━━ EXERCISE INPUTS ━━

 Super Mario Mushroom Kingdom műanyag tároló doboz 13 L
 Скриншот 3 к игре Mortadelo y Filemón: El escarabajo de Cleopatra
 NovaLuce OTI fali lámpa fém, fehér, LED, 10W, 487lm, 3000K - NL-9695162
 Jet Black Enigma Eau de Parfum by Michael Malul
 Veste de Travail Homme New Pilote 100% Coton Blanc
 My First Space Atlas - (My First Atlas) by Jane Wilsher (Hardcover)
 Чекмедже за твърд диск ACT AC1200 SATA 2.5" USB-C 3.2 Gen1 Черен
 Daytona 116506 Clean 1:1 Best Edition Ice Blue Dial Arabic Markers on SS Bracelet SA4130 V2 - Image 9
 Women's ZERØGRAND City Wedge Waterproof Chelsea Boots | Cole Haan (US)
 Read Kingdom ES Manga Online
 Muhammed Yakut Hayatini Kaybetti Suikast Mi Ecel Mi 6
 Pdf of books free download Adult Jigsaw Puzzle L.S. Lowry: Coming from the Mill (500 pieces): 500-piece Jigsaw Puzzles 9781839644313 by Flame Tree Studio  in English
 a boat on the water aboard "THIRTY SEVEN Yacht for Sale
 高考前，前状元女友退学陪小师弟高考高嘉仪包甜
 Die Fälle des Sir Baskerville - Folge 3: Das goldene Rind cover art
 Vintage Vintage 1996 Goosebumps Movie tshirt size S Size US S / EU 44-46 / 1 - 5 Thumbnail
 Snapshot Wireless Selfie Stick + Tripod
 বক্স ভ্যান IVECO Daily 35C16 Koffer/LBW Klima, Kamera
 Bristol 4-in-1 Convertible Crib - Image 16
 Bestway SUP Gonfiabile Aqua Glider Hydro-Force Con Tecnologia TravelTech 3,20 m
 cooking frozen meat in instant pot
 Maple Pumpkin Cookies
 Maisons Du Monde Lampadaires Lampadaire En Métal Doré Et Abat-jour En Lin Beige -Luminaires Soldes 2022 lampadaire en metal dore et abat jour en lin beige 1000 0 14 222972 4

━━━

• _TASK GOAL_: Return all data verbatim.

• _TASK OUTPUT_:
 Super Mario Mushroom Kingdom műanyag tároló doboz 13 L
 Скриншот 3 к игре Mortadelo y Filemón: El escarabajo de Cleopatra
 NovaLuce OTI fali lámpa fém, fehér, LED, 10W, 487lm, 3000K - NL-9695162
 Jet Black Enigma Eau de Parfum by Michael Malul
 Veste de Travail Homme New Pilote 100% Coton Blanc
 My First Space Atlas - (My First Atlas) by Jane Wilsher (Hardcover)
 Чекмедже за твърд диск ACT AC1200 SATA 2.5" USB-C 3.2 Gen1 Черен
 Daytona 116506 Clean 1:1 Best Edition Ice Blue Dial Arabic Markers on SS Bracelet SA4130 V2 - Image 9
 Women's ZERØGRAND City Wedge Waterproof Chelsea Boots | Cole Haan (US)
 Read Kingdom ES Manga Online
 Muhammed Yakut Hayatini Kaybetti Suikast Mi Ecel Mi 6
 Pdf of books free download Adult Jigsaw Puzzle L.S. Lowry: Coming from the Mill (500 pieces): 500-piece Jigsaw Puzzles 9781839644313 by Flame Tree Studio  in English
 a boat on the water aboard "THIRTY SEVEN Yacht for Sale
 高考前，前状元女友退学陪小师弟高考高嘉仪包甜
 Die Fälle des Sir Baskerville - Folge 3: Das goldene Rind cover art
 Vintage Vintage 1996 Goosebumps Movie tshirt size S Size US S / EU 44-46 / 1 - 5 Thumbnail
 Snapshot Wireless Selfie Stick + Tripod
 বক্স ভ্যান IVECO Daily 35C16 Koffer/LBW Klima, Kamera
 Bristol 4-in-1 Convertible Crib - Image 16
 Bestway SUP Gonfiabile Aqua Glider Hydro-Force Con Tecnologia TravelTech 3,20 m
 cooking frozen meat in instant pot
 Maple Pumpkin Cookies
 Maisons Du Monde Lampadaires Lampadaire En Métal Doré Et Abat-jour En Lin Beige -Luminaires Soldes 2022 lampadaire en metal dore et abat jour en lin beige 1000 0 14 222972 4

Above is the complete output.